Requirement:
Do not include the pictures; repeat the rest of the data exactly.

--- Dataset content Enclosed Below ---

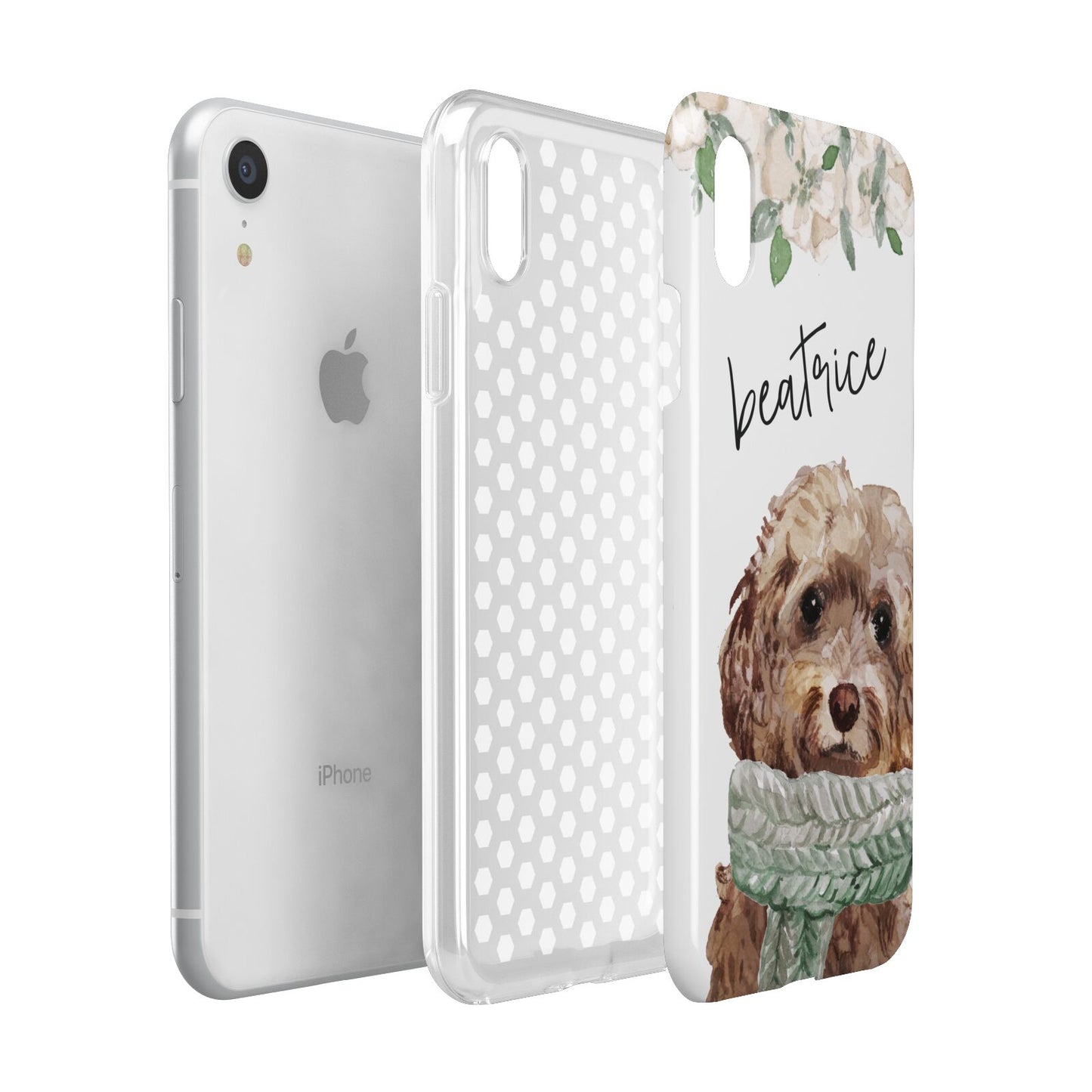 Personalised Cockapoo Dog Apple iPhone XR White 3D Tough Case Expanded view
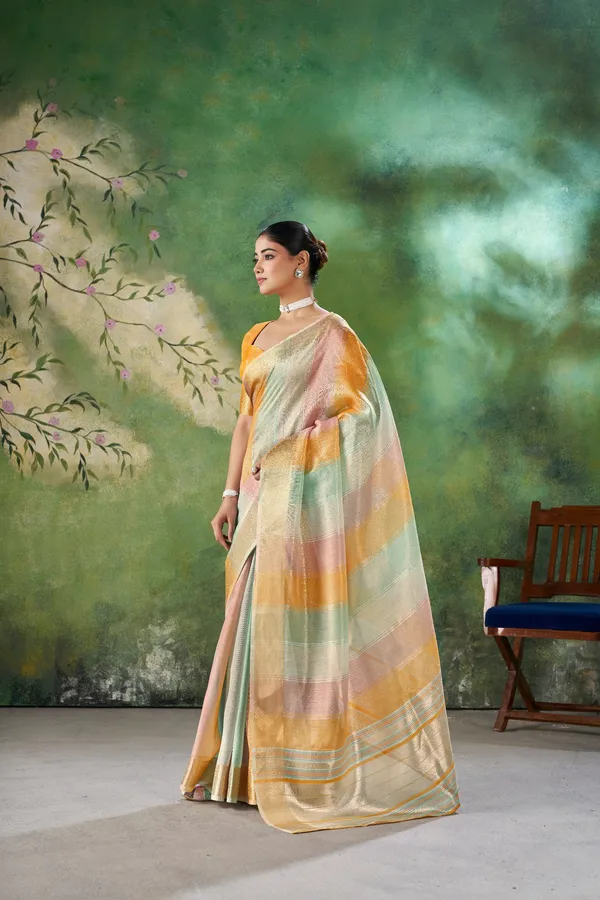 Soft_Linen_Cotton_Silk_Saree_with_Gold_Zari_Weaving_–_Pastel_Multicolor_Wedding_&_Festive_Wear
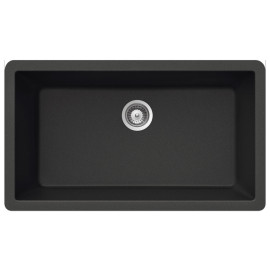 Cuba COMPOSITE 84B preto, 838x469 mm, polido, com válvula e sifão incluídos, Rodi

--- End of Enclosed Dataset content ---

Answer space:
 Personalised Cockapoo Dog Apple iPhone XR White 3D Tough Case Expanded view
 Soft_Linen_Cotton_Silk_Saree_with_Gold_Zari_Weaving_–_Pastel_Multicolor_Wedding_&_Festive_Wear
 Cuba COMPOSITE 84B preto, 838x469 mm, polido, com válvula e sifão incluídos, Rodi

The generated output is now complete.